Also, co-defendants, Dorbor M. Hagba, director, finance department, Richard H. Walker, director for operations and Joseph Dennis, deputy director for internal audit, had their bail secured by the same ACICO in the amount of US$240,000, meaning the insurance company paid the amount of US$60,000 for each of them.

Before, Friday’s ruling, Judge Gbeneweleh’s competence and ability was questioned by Justice Nagbe, after the government lawyers complained about his handling of the matter and pleaded with the justice to prevent Gbeneweleh from hearing the challenge to the bond, which the justice did, but, later mandated Gbeneweleh to resume jurisdiction.

However, the government has argued that defendants Weeks and Sirleaf were both charged and indicted for economic sabotage, as well as the other three defendants, Hagba, Walker and Dennis who were charged with conspiracy. “The inadequacy and insufficiency of the bonds for which same should be made adequate and sufficient or be ordered set aside by this court,” the prosecution request added.

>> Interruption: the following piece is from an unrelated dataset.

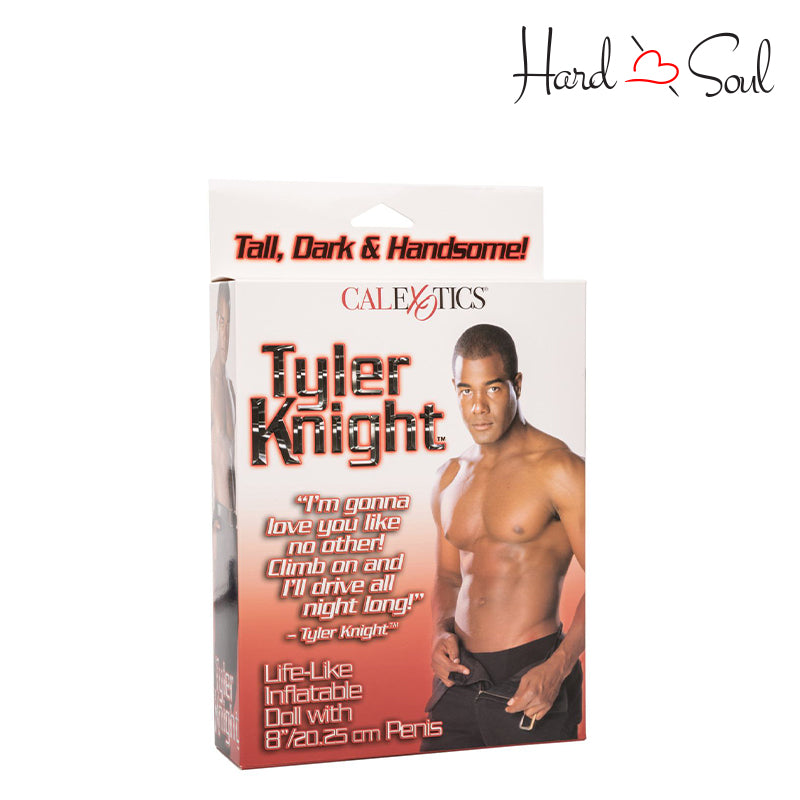 A Box of Tyler Knight Male Doll - HardnSoul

“The statue provides that the amount of bail in any criminal action in which restitution is required shall be equal to the amount of the maximum fine which may be imposed upon conviction of the offense charged. If the offense charged is punishable by imprisonment the maximum number of months of imprisonment, which may be imposed, shall be multiplied by twenty-five dollars to determine the amount of the bail. If the offense charged is punishable by both fine and imprisonment, the amount of bail shall be equal to the total of such amount,” the judge noted.
Gbeneweleh continued, “Economic Sabotage is a non-capital offense which is bailable upon the personal reconnaissance of the defendants who are officials of the CBL. Our own constitution frowns on or prohibits excessive bail, excessive fines and excessive punishment inflicted in criminal case.”

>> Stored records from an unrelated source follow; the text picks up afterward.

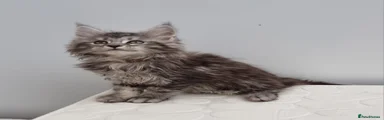 Silver tabby male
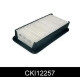CKI12257
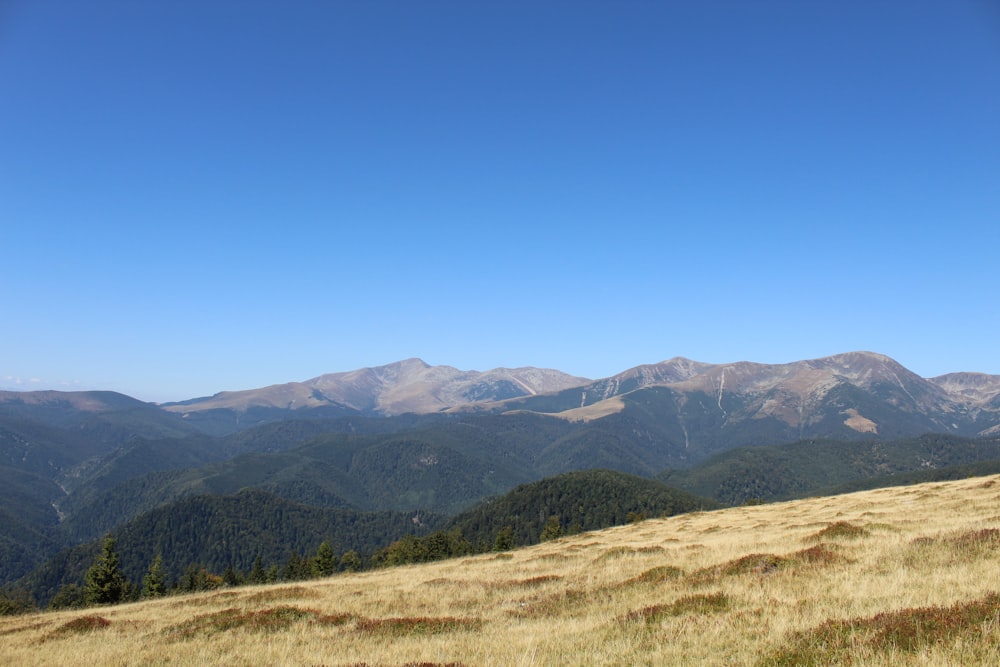 a grassy field with mountains in the background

Moreover, Gbeneweleh noted that the prosecution prayed for and the Monrovia City Court issued a writ of Ne Exeat Republica, which bars or prevents the defendants from traveling out of the bailiwick of the country.

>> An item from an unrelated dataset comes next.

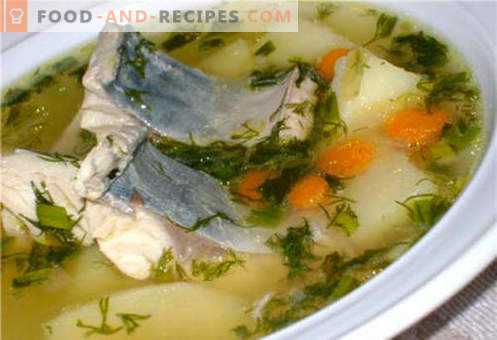 Sopa de caballa - las mejores recetas. Cómo cocinar adecuadamente y sabrosa la sopa y la caballa.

“This court ordered and the defendants to surrender their passports and other travelling documents to the Sheriff of the Court, the defendants must report to the office of the sheriff as directed, and that the defendants must remain within the jurisdiction of the court, except by leave of the court at the instant of the prosecution,” the judge said, adding, “The safeguard placed by the Monrovia City Court and the criminal court are still in full force and effect, and that the defendants are in full compliance with these safeguards and are currently in the bailiwick of the court.”

3 COMMENTS

  1. From what I have just read, I think Judge Peter Gbeneweleh of Criminal Court ‘C’ acted in keeping with law. What is of interest to me is to see Mr. Urey’s property being used as a bail bond for those individuals being charged for corruption, he as an opposition leader is criticizing government for not fighting corruption but yet, he uses his property to secure individuals caught in corrupt practices. We are watching with eagle eyes on this case.

  2. Wow ! A lower court is teaching the nation’s Highest Court in legal honesty ? That all man are treated equally under the law when seeking Justice before the courts ? Some decent people in that country are fed up , and for the sakes of their children’s children and the next generation will risked all they have to move this corrupt and dying nation forward. Enough is enough, says the judge to the Supreme Court.

    • Well articulated, Johnson and Davis. I openly applaud Judge Gbeneweleh for his judicial farsightedness and standing tall in protection of fair, transparent and prudent justice in Liberia. The mess in the three branches of the Liberian Government, especially the Judiciary system must be eradicated by honest and astute judges like this one. Certainly, I do not condone, neither support corruption, like majority Liberians, corruption has eaten the fabric of our society, reduced our people to beggars on their own soil and needs radical reform to stem it out or minimize its presence to create a much fairer system for all to strive for a better life. But in order to stem out massive institutionalized corruption,the system must stem out corrupt judges like Justice Nagbae to set a good example for the future.